Вскочив, Володька пнул оторопевшего Кольку и понесся по двору, намереваясь отвлечь внимание на себя. Пинок вывел Кольку из страшного оцепенения, мальчуган одним махом подтянулся на изгороди, перевалился через нее и остановил свои ноги только тогда, когда проскочил несколько соседних дворов.
Гулкие удары Колькиного сердца бушевали во вновь наступившей тишине. Страх покидал Кольку, а звуки начали возвращаться на свое привычное место.
Где-то вдалеке на луну лаяла собака. Ветерок зашелестел листьями. На той стороне улицы хлопнула ставня. Замычала корова в чьем-то хлеву. Мир звуков снова окружал Кольку, вселяя спокойствие и уверенность, но совсем рядом, неподалеку, скрытые ночью бродили два страшных живых мертвеца.
В поленнице, спиной об которую опирался пионер, что-то хрустнуло. Похолодев от ужаса, Колька вообразил, что навалился он на стенку огромного черного гроба, который, медленно раскрывавшись, выпускал нового гостя из мертвого мира.
Сердце вновь заскакало в ритме гнилой, западной пропаганды. Едва сдерживая ноги, готовые унестись на северный полюс, Колька понял, что больше не выстоит здесь ни минуты, и решил пробираться вдоль поленницы к себе домой. Голова кружилась, путая все направления. Он пока не определил, в чей двор его занесло. Опираясь рукой об шершавые торцы поленьев, мальчуган осторожно зашагал вперед.
Скоро поленница оборвалась поворотом. Между ней и невысоким штакетником за кустом крыжовника чернела темнота. И нырнул бы Колька в этот спасительный закоулок, затаился бы там, но, как молния, высунулась оттуда рука и холоднющими пальцами ухватила Кольку за нос.
Глаза Колькины едва не вылетели из орбит. Его чуть удар не хватил, прежде чем он догадался, что завяз в чужом огороде, а рядом стоит донельзя обрадованный Володька. В голове что-то завертелось с такой скоростью, что Колька вновь прислонился спиной к поленнице и бессильно сполз на землю.
Володька терпеливо дожидался, пока Колька окончательно придет в себя, а затем подхватил его под руку и помог выбраться на улицу.
Далеко-далеко за последним двором два зловещих силуэта направлялись к лесу.
- Слава богу, отделались, - облегченно выдохнул Колька, но Володька не поддержал друга, а все так же задумчиво смотрел вдаль.
- На станцию пошли, - наконец, вымолвил он.
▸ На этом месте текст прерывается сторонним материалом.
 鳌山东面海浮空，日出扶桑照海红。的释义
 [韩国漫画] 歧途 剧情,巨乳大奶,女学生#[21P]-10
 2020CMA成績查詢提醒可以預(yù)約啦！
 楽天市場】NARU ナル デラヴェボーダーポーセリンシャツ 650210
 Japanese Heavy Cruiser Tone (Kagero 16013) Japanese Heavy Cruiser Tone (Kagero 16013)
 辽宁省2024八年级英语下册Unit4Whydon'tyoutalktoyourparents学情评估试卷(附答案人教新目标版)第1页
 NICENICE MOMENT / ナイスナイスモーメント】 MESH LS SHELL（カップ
- Че им там делать, на станции-то? - тут же спросил Колька. После ухода мертвецов он заметно повеселел и приобрел утерянное душевное равновесие. Володька тихо промолвил:
Пионерская история
Я спросил у дяди Феди:
"Почему машина едет?"
Дядя Федя нос потер
и сказал: "У ей мотор".
Я поправил дядю Федю:
"Не у ей, а у нее".
Возмутился дядя Федя:
"Ах ты, сука, е-мое!"
Я на всякий случай в руку
взял осколок кирпича
и ответил: "Я не сука.
Я орленок Ильича!"
Д. Филимонов, "Золотое детство", г. "Аврора", 1990
Сбор проходил в беседке, скрывающейся в довольно густом парке, примыкавшем к горстке приземистых деревянных домишек. Хотели начать в шестнадцать ноль-ноль, но, как обычно, потянулись опоздавшие, и пока дожидались их, а затем делали им втык насчет пионерской дисциплины и порядочности, пролетело еще сорок минут.
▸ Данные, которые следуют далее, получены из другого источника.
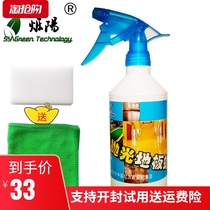 Liquid floor wax Polishing brick wax Quartz stone Tile Floor tile Marble wax Care glazing wax Anti-fouling wax Feed cloth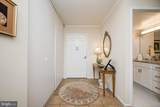 15100 Interlachen Drive - Photo 9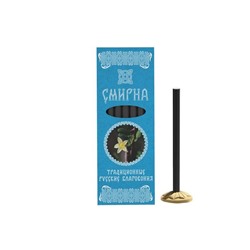 Натуральные благовония Смирна (7 палочек+подставка)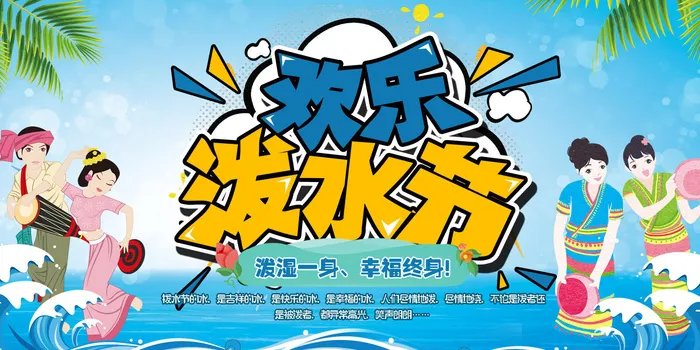 文艺泼水节海报傣族旅游传统节日非物质遗产文化海报素材设计模板psd模版下载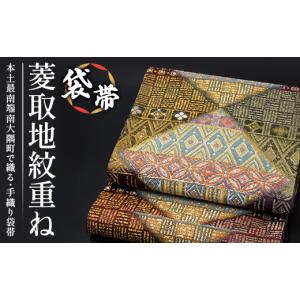 ふるさと納税 和装 鹿児島県 南大隅町 袋帯(...の詳細画像1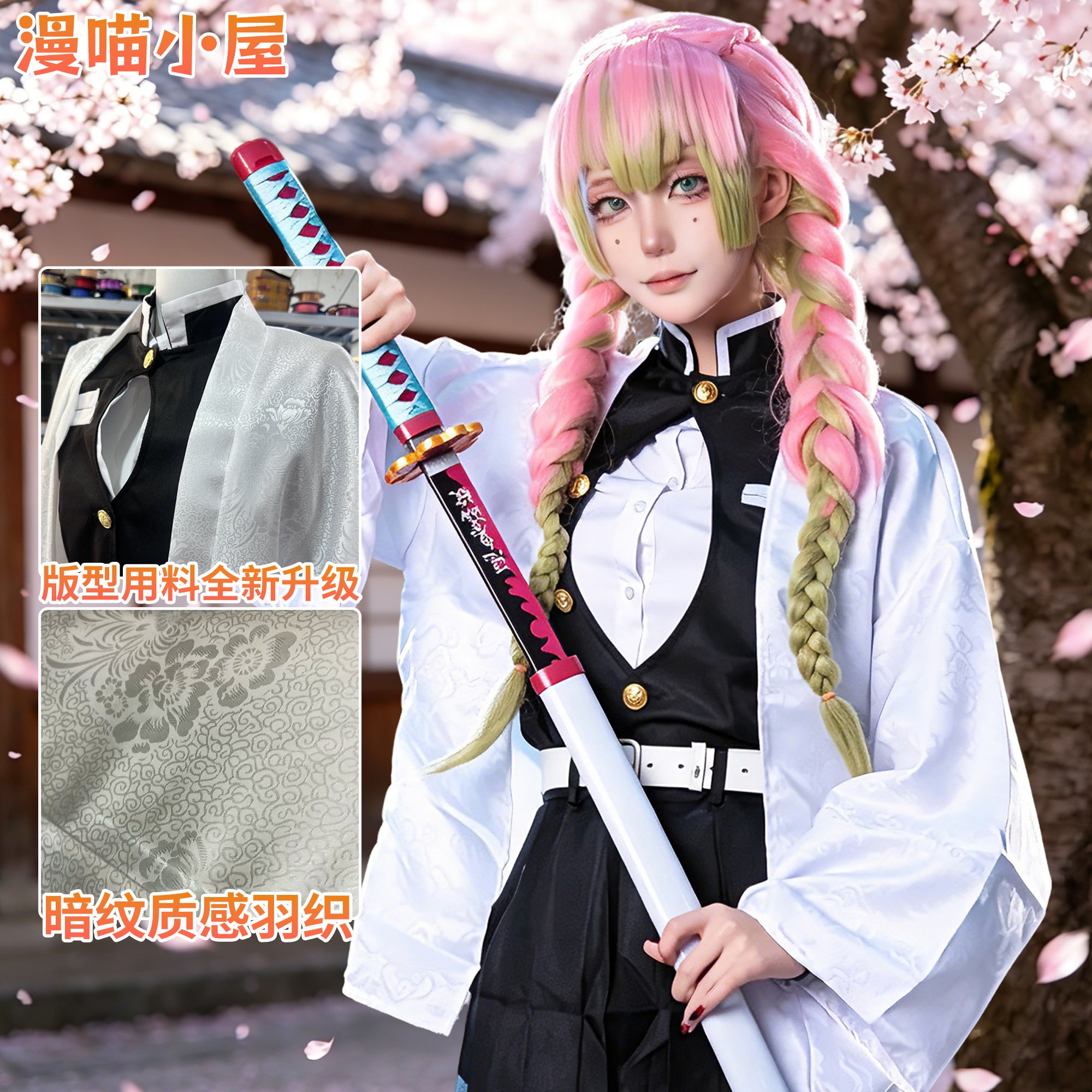 Косплей Ganlu Temple Miri cos suit set ghost Slayer blade не раскрывает полный набор детских трехточечных ножей для бредовой обуви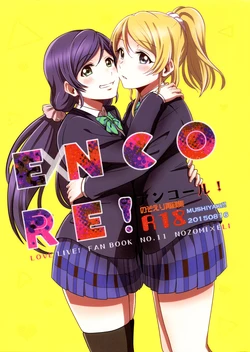 Gallery Cover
Вожатая Оля проводила политинформацию, а Колька с Володькой уже откровенно скучали. Просто невозможно было подумать, что предстояло отсидеть здесь полтора часа, но еще более невозможным казалось, что сбор сумеет закончиться раньше.
Володька с тоской оглядывался по сторонам. На голубом небе безмятежно светило жаркое солнце, а тут, в тени, было прохладно и хорошо. Вокруг шумели могучие деревья и еще совсем молодая поросль. Где-то у изб посторонняя бабуся гремела ведром, направляясь к колодцу. В общем, можно даже и посидеть спокойно, нужно только отключить слух, чтобы не слышать, как Оля бубнит себе под нос об очередных судьбоносных решениях. Правда, о них будут, наверняка, спрашивать на уроке мира, но к этому времени (и Володька знал это совершенно точно) они выветрились бы у него из памяти, даже если бы он не только слушал самым внимательнейшим образом, но и записывал в пионерский блокнотик, как это делала, например, Слепышева.
Колька прилагал неимоверные усилия, чтобы не заснуть. Накануне они допоздна жгли костер на Ковылкином пустыре и рассказывали друг другу страшные истории про мертвецов. Возбужденный Колька полночи не мог заснуть, а утром мать подняла ни свет ни заря грядки полоть, даром, что лето.
- Слон, тебя зовут, - почувствовал он внушительный толчок от Мишки, сидящего рядом.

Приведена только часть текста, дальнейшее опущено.